[Your task] Reproduce the entries shown below only from the line with "The Jones Girls" down to the line with "67605 Инструмент для", keeping both end lines and copying each one exactly.

Working data Start Marker

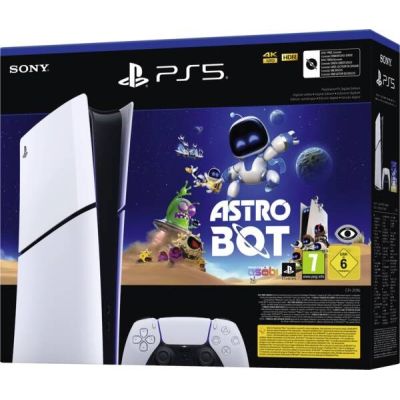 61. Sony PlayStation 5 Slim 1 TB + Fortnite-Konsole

Working data End Marker
Working data Start Marker

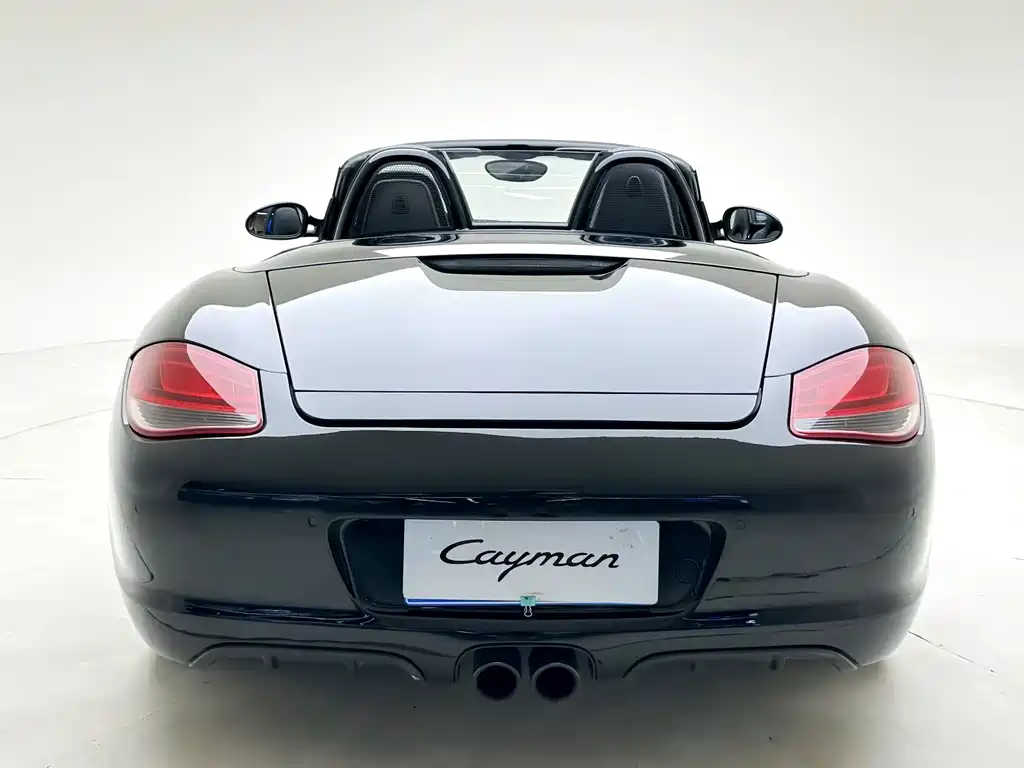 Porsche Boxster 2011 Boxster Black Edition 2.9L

Working data End Marker
Working data Start Marker

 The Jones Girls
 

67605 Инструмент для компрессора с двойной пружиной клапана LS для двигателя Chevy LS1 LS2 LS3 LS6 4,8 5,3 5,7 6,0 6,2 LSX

Working data End Marker

[Final answer]
 The Jones Girls
 

67605 Инструмент для компрессора с двойной пружиной клапана LS для двигателя Chevy LS1 LS2 LS3 LS6 4,8 5,3 5,7 6,0 6,2 LSX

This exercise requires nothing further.